◆ TASK BRIEF ◆
Take the line that holds "Peça sobressalente para" and every line after it to the end of the entries, and repeat them exactly without the pictures.

◆ Image-text web data ◆

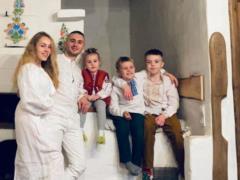 Тарас Тополя на редких фото показал, как его сыновья от Alyosha заметно подросли и изменились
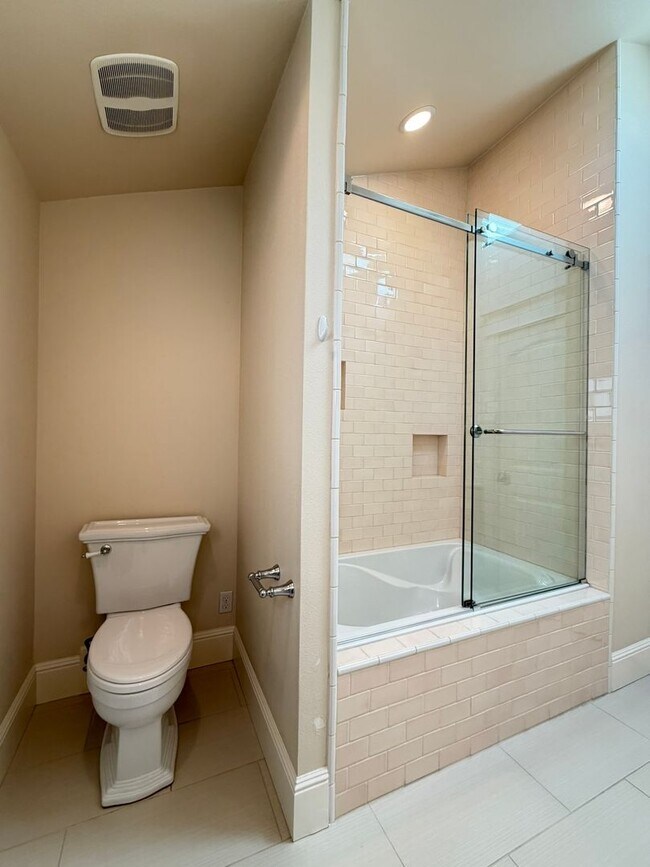 Building Photo - Gorgeous Custom Home In the Uplands Neighborhood. 4bd plus office. 2944sf.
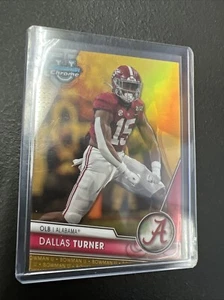 2023 Bowman University Chrome Sapphire DALLAS TURNER GOLD PROSPECT /50 Alabama - Foto 1 di 2
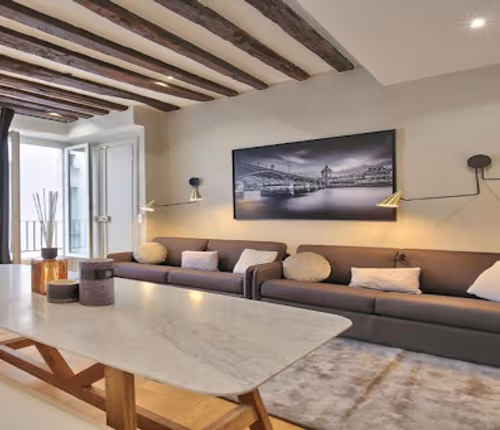 LIVE THE MARAIS, LIVE PARIS CENTER!CHRONICLE OF LIFEIN THE HISTORIC CENTER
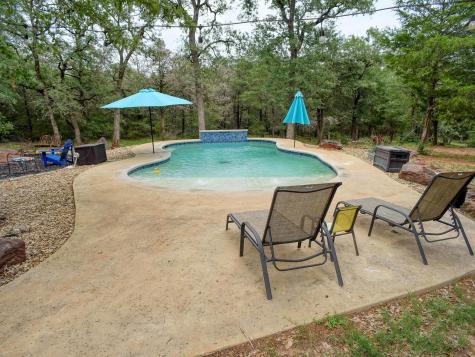 247 Campfire Way Smithville TX 78957
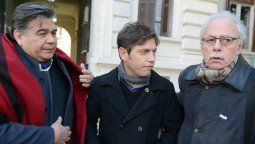 Axel Kicillof entre Mario Ishii y Cuto Moreno: Historia muy antigua, hoy nada. Axel Kicillof entre Mario Ishii y Cuto Moreno: Historia muy antigua, hoy nada.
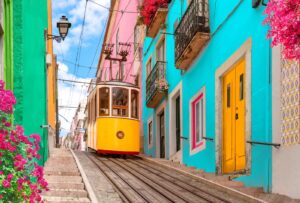 Expat in Portugal shares how to avoid moving abroad turning into a ‘catastrophe and disaster’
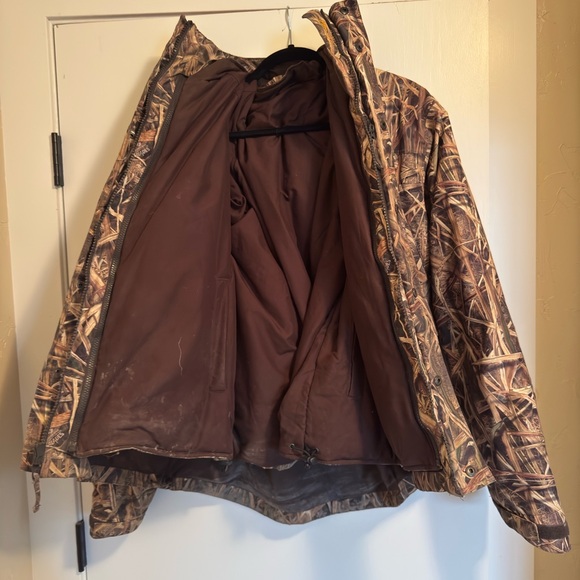 Cabela's Camouflage Performance Jacket - Picture 3 of 5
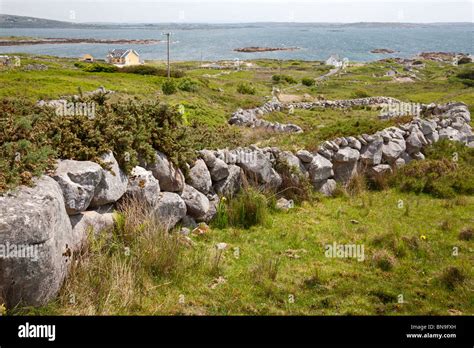 Kilkieran Bay Hi Res Stock Photography And Images Alamy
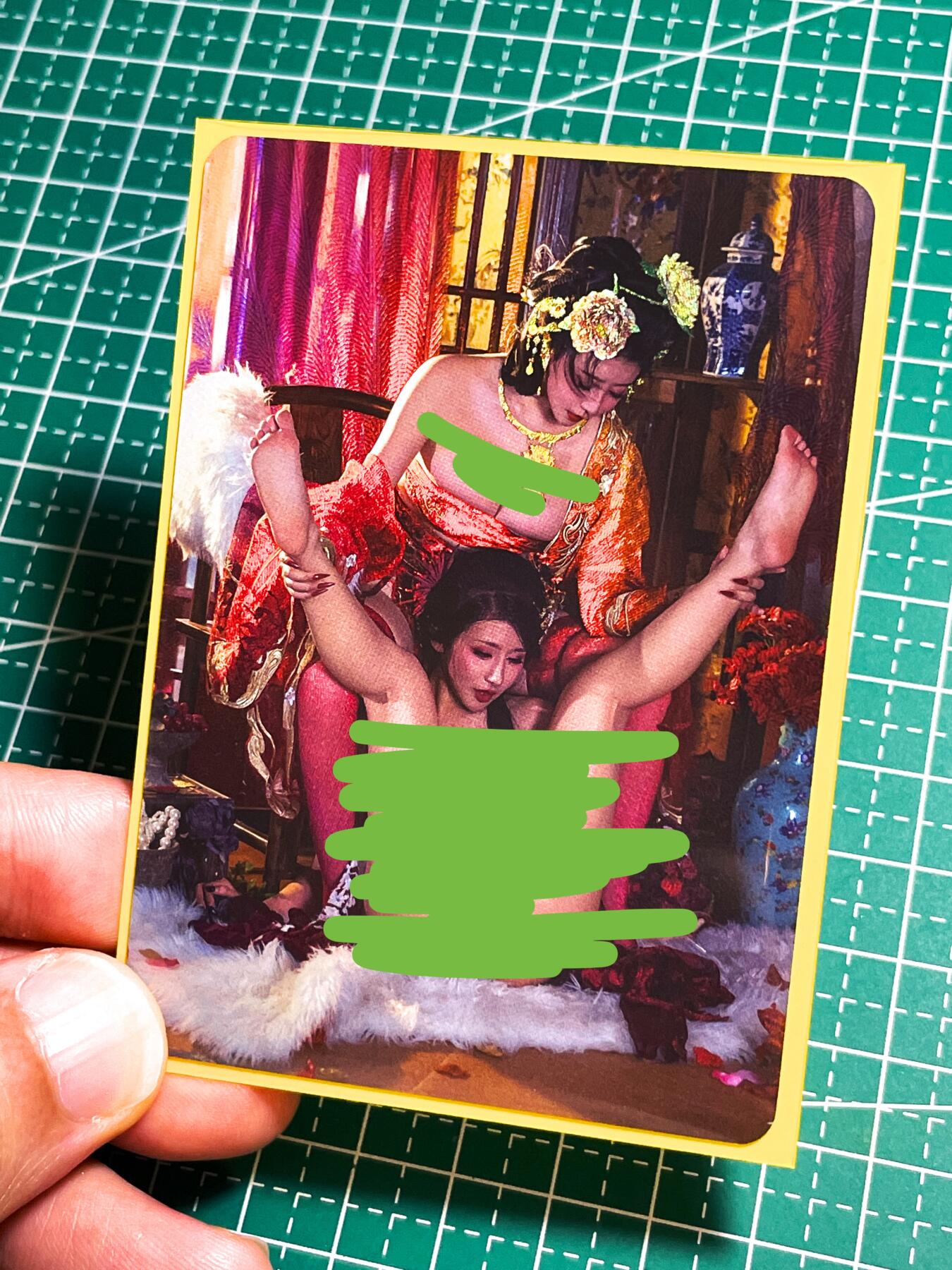 【关注参拍有赠卡】显眼宝31期  9.10日晚9:30截止 逝者如斯夫不舍昼夜 红丝袜系列 经典火爆 散配1张 最受欢迎系列  折光彩闪工艺 63*88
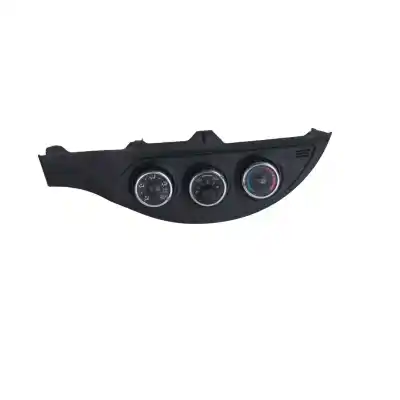 Peça sobressalente para automóvel em segunda mão comando de sofagem (chauffage / ar condicionado)  por toyota yaris (_p13_) 1.3 (nsp130_) referências oem iam 554060d390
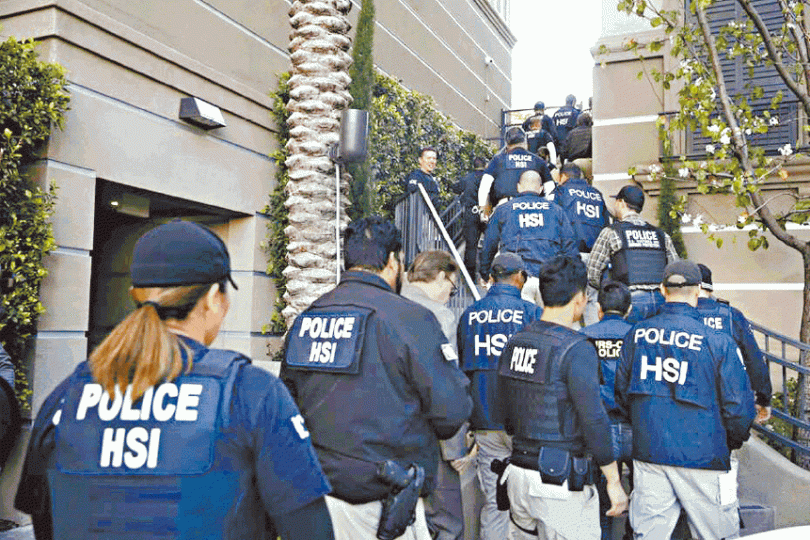 美國警方拘捕了19名「月子中心」的經營者及顧客。 美國警方拘捕了19名「月子中心」的經營者及顧客。
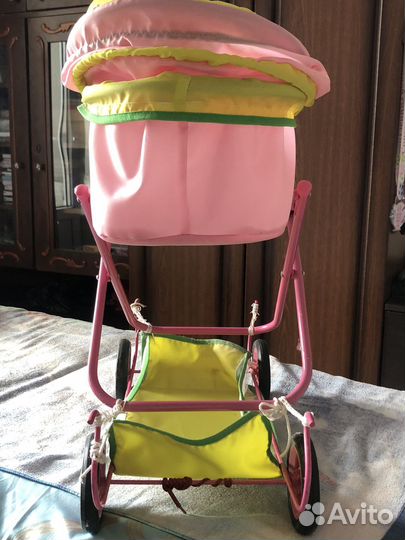 Коляска кукольная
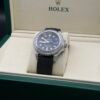 Rolex — esfera negra, bisel de brillantes y correa de caucho negra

◆ TASK OUTPUT ◆
 Peça sobressalente para automóvel em segunda mão comando de sofagem (chauffage / ar condicionado)  por toyota yaris (_p13_) 1.3 (nsp130_) referências oem iam 554060d390
 美國警方拘捕了19名「月子中心」的經營者及顧客。 美國警方拘捕了19名「月子中心」的經營者及顧客。
 Коляска кукольная
 Rolex — esfera negra, bisel de brillantes y correa de caucho negra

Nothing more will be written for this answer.